Sometimes there appears to be more than one centre of genetic diversity for a taxon. This might indicate that the taxon is polyphyletic, having arisen in more than one area. However, often all but one (or even all) of the centres are secondary centres o f genetic diversity—areas where the taxon was able to diversify (perhaps due to the presence of a large number of habitats) to a greater extent than in other areas a similar distance from the primary centre. For example, a primarily South African taxon might exhibit a secondary centre of diversity in the Mediterranean basin, or a primarily Balkan taxon might have a secondary centre in Spain.
Usually it is possible to differentiate between primary and secondary centres of diversity if thorough biosystematic investigations have been carried out. Thus the grass genus Vulpia has its primary centre of diversity in the western Mediterranean, with secondary centres in temperate North and South America and in south-western Asia. The diversification in the latter areas is based on only one of the five sections of the genus found in the western Mediterranean and, moreover, there are higher proportions of polyploid taxa in the secondary areas than in the primary one.
This decrease in variability, i.e. in the number of biotypes, away from the centre of diversity is known as biotype depletion, which, as intimated above, can be used to investigate pathways of migration. Bocher41 found that
Ranunculus glacialis, an arctic-alpine species, is far richer in biotypes in the
Alps than in the arctic. This diminution might have originated either during a northwards migration after glaciation or from a greater loss of biotypes in the north during perglacial survival. Biotype depletion is also one possible explanation for the observation that species frequently appear to be far more demanding ecologically near the edge of their geographical range than in the centre of it. In Europe this is very often manifested by the northern botanist finding that species which are confined to particular habitats in his own country are far less so restricted in southern Europe.

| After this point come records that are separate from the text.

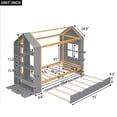 thumbnail image 6 of Clearance! Twin Size House Platform Bed with Storage Shelves and Twin Size Trundle, Grey, 6 of 9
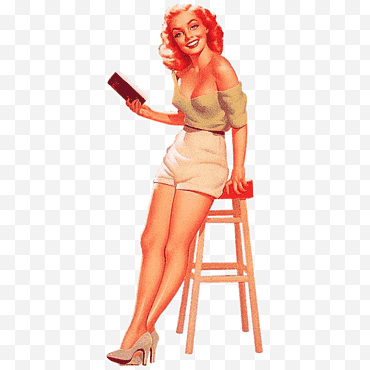 Ning Vintage Pin up girls 25Pics, mujer con top blanco y pantalones cortos sentada en una silla ilustración png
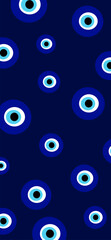 Seamless Evil Eye Pattern Wallpaper. Mystical Protective Symbol for Smartphone Background. Vector Illustration
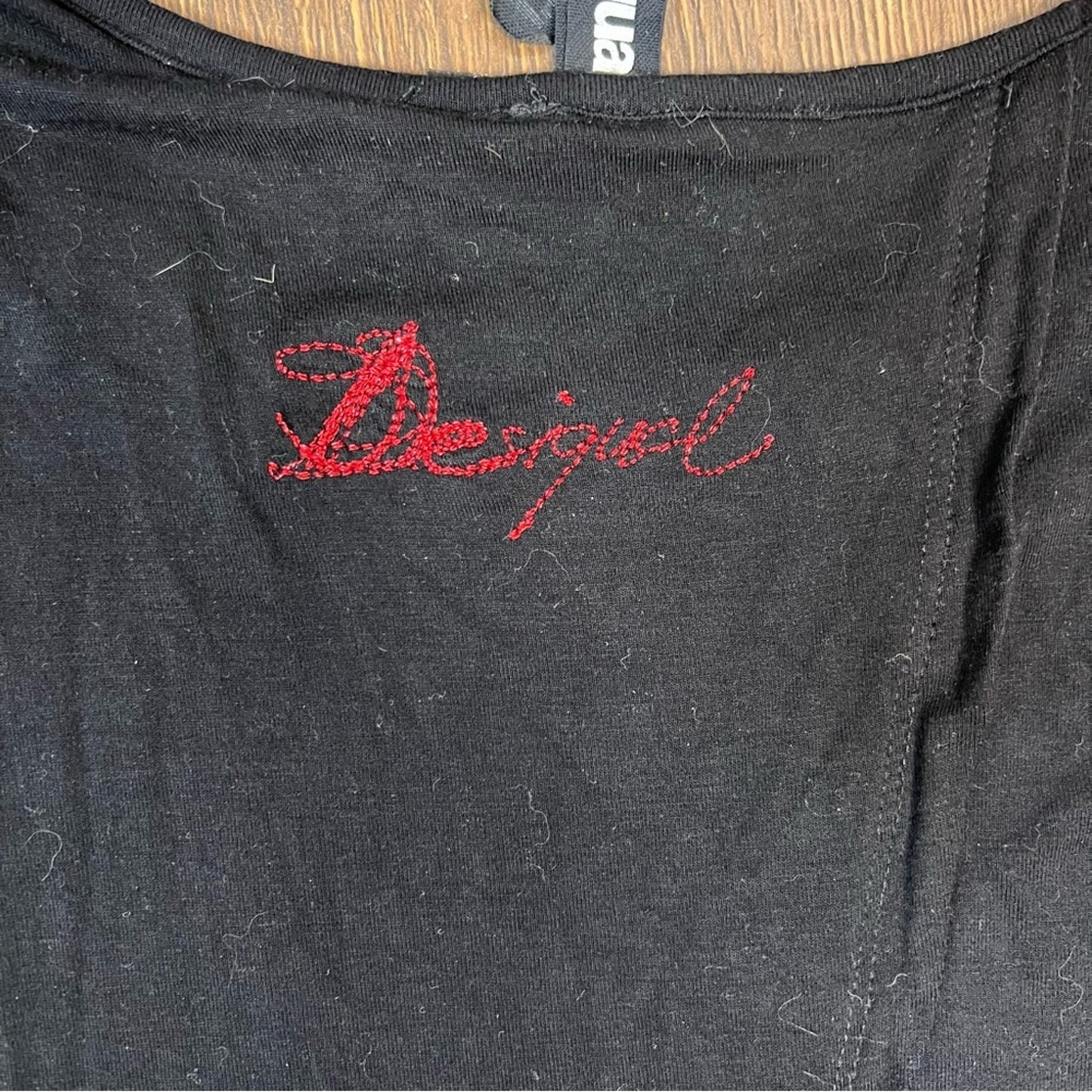 Desigual Black and Cream Herringbone Open Back Blouse SZ XS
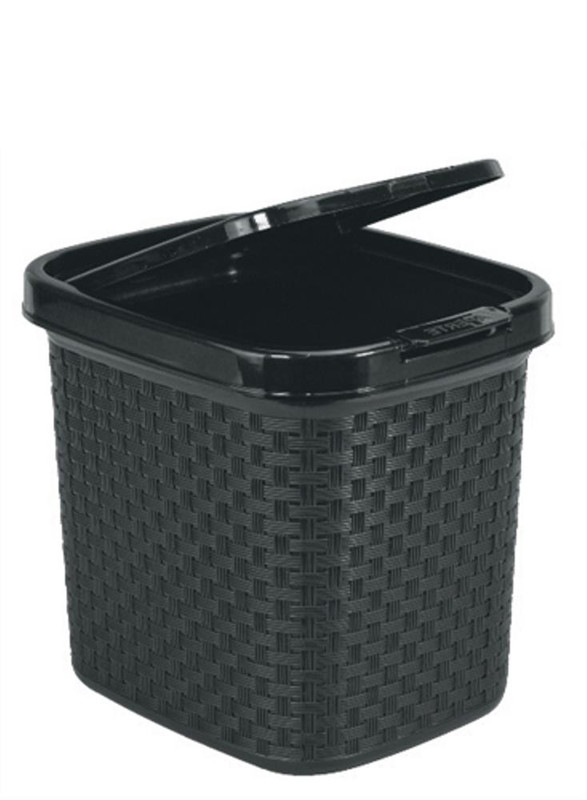 LIXEIRA RATTAN COM CLICK PRETA 4,5L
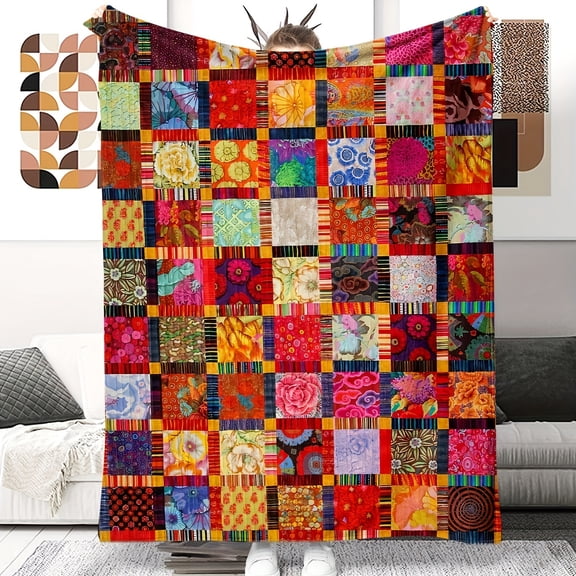 Classic Patchwork Quilted Throw – Made of Soft Flannel Fleece, Perfect for All Seasons, Suitable for Office, Outdoor, And Travel Use, Machine Washable, Features Digital Print Polyester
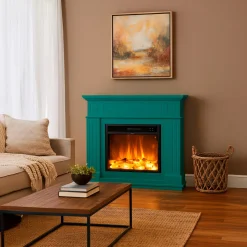 FUEGO - Cheminee electrique murale turquoise en mdf pour interieur contemporain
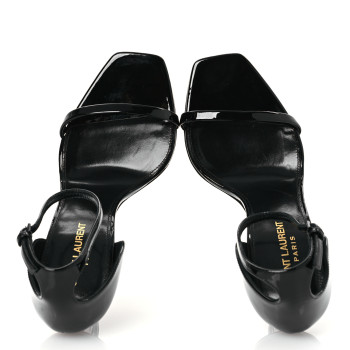 SAINT LAURENT Patent Calfskin Opyum 110 Sandals 38.5 Black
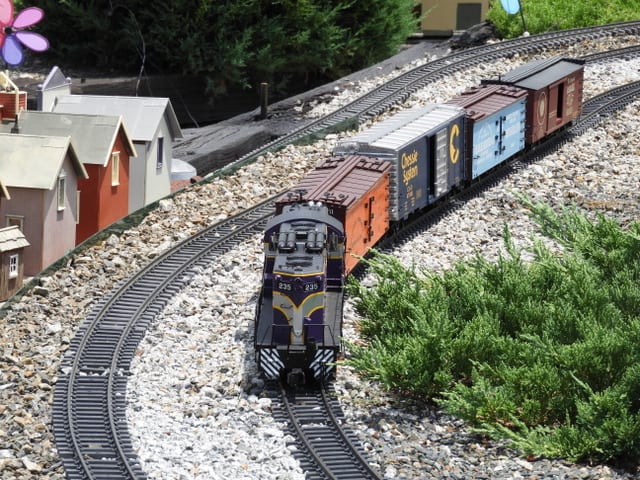 G scale garden model train layout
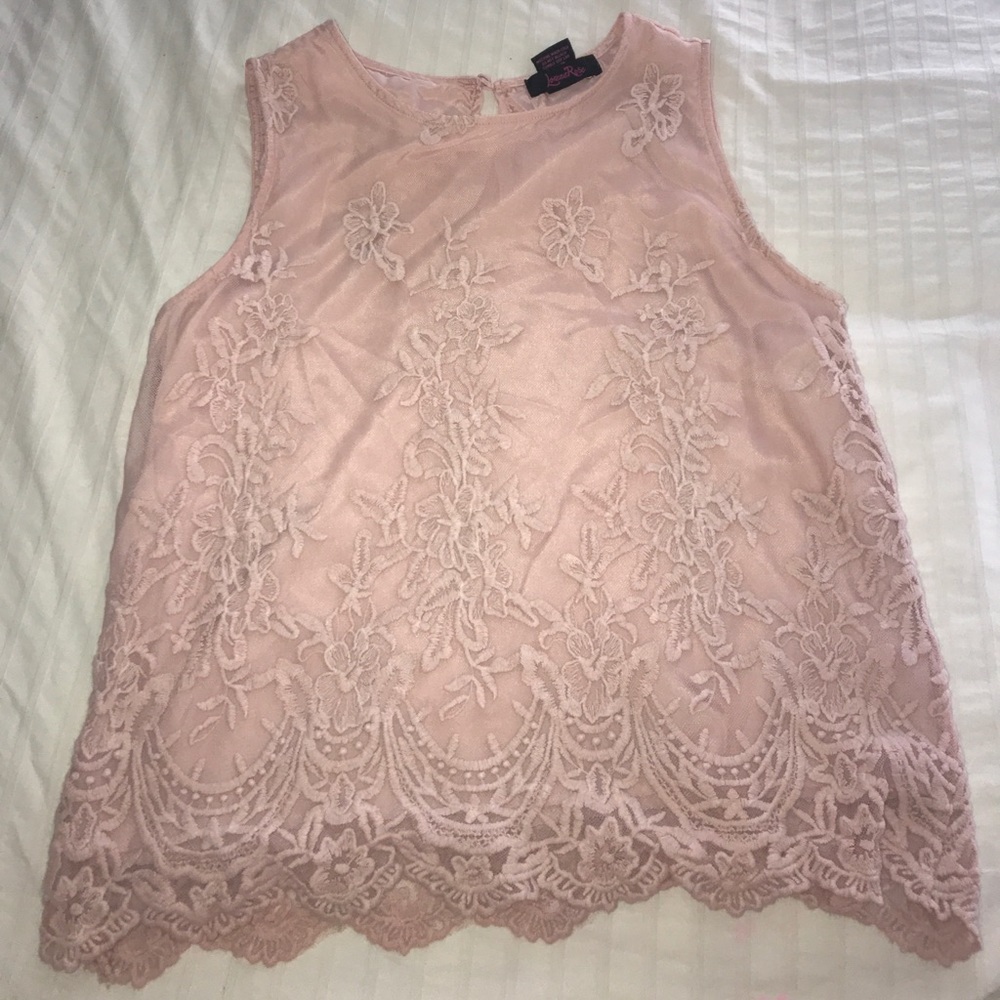 light pink shirt with flower print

The concept of centres of genetic diversity (and, even more, centres of origin) has been strongly criticized in recent years by vicariance biogeographers,76 who prefer to think in terms of the ‘generalized track’ of a taxon differentiating allopatrically in different regions. Almost certainly, this is a better model than a centre of origin in some instances, a less good one in others, and in yet further cases something between the two is most accurate. As intimated earlier, a centre of origin is a more valid concept in the case of younger taxa (and hence usually at the lower levels of the hierarchy),
particularly where differentiation has occurred more recently than any known vicariance events. The evolution of modern cereals is a good example.